• _What is expected_: Would you transcribe exactly the lines from the one containing "Carrera CARRERA1091/S I46/N4" to the last line of the data below, both ends included, but none of the pictures?

• _The records_:
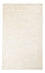 Tapis Gabbeh - Persan - 178 x 116 cm - beige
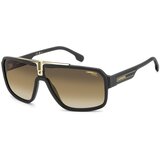 Carrera CARRERA1091/S I46/N4 - ONE SIZE (65) Cijene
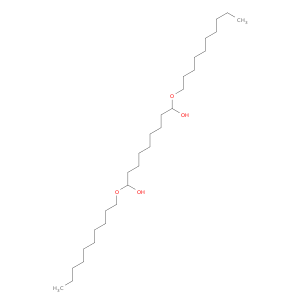 1,9-Nonanediol, 1,9-bis(decyloxy)-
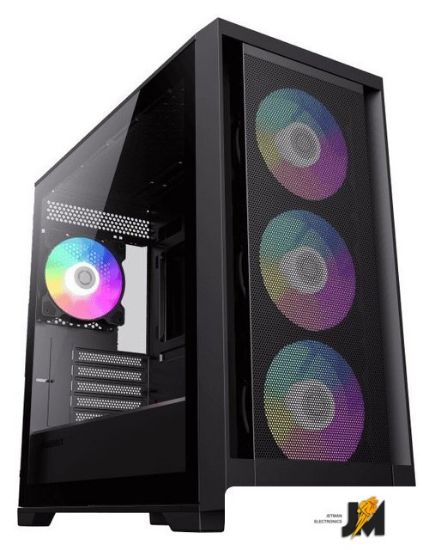 https://cdn.dataimgstore.com/s/3130026/65/9550910/Fw9TvLaugT.jpg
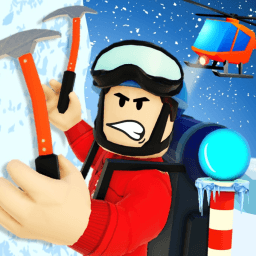 🚩Expedition Antarctica thumbnail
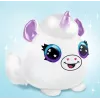 Peluche Canal Toys Airbrush Plush Surprise figura de desenho animado 6+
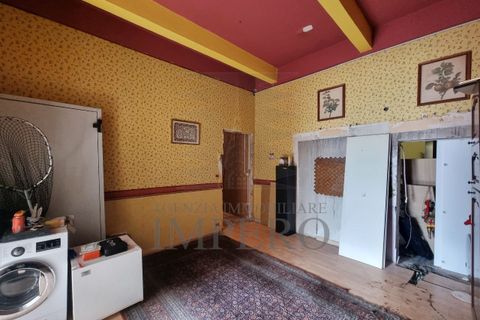 Villa i Bordighera, Imperia, Bordighera - € 1.000.000 | Ref: 23071 - foto 11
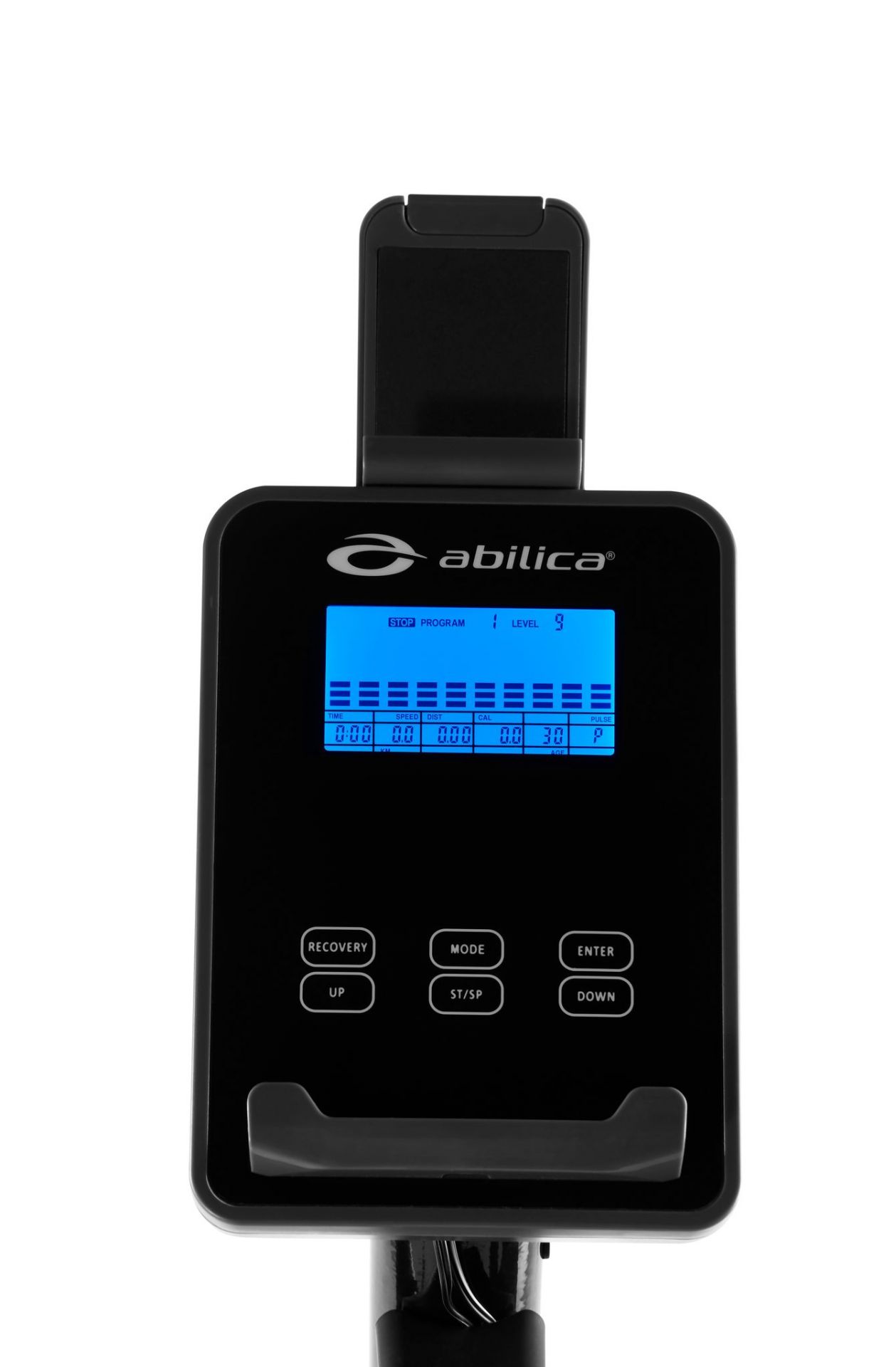 Abilica Bike 20 Abilica Bike 20
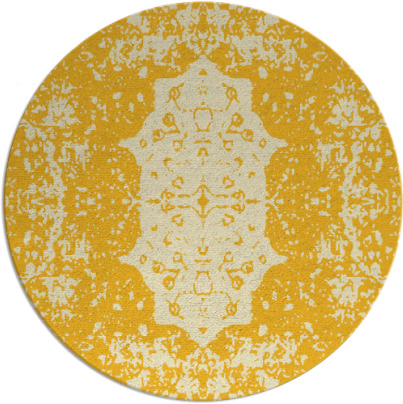 highclere rug - item 1361080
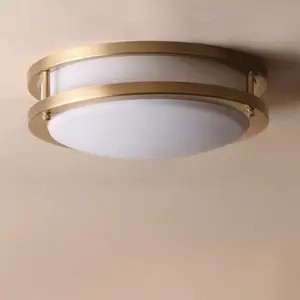 Потолочный светильник IMPERIOR by Romatti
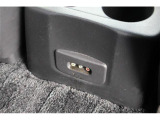 同業者様への販売はお断りさせていただきます。 車検無し車両の場合は、車検を取得したお支払い総額で表示しております。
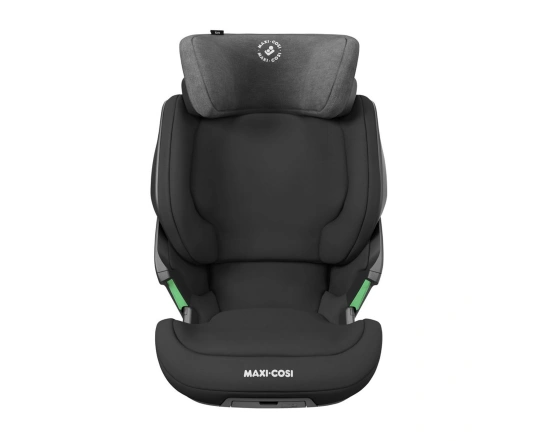 Автокресло Maxi-Cosi KORE I-SIZE - authentic black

• _Answer to the problem_:
 Carrera CARRERA1091/S I46/N4 - ONE SIZE (65) Cijene
 1,9-Nonanediol, 1,9-bis(decyloxy)-
 https://cdn.dataimgstore.com/s/3130026/65/9550910/Fw9TvLaugT.jpg
 🚩Expedition Antarctica thumbnail
 Peluche Canal Toys Airbrush Plush Surprise figura de desenho animado 6+
 Villa i Bordighera, Imperia, Bordighera - € 1.000.000 | Ref: 23071 - foto 11
 Abilica Bike 20 Abilica Bike 20
 highclere rug - item 1361080
 Потолочный светильник IMPERIOR by Romatti
 同業者様への販売はお断りさせていただきます。 車検無し車両の場合は、車検を取得したお支払い総額で表示しております。
 Автокресло Maxi-Cosi KORE I-SIZE - authentic black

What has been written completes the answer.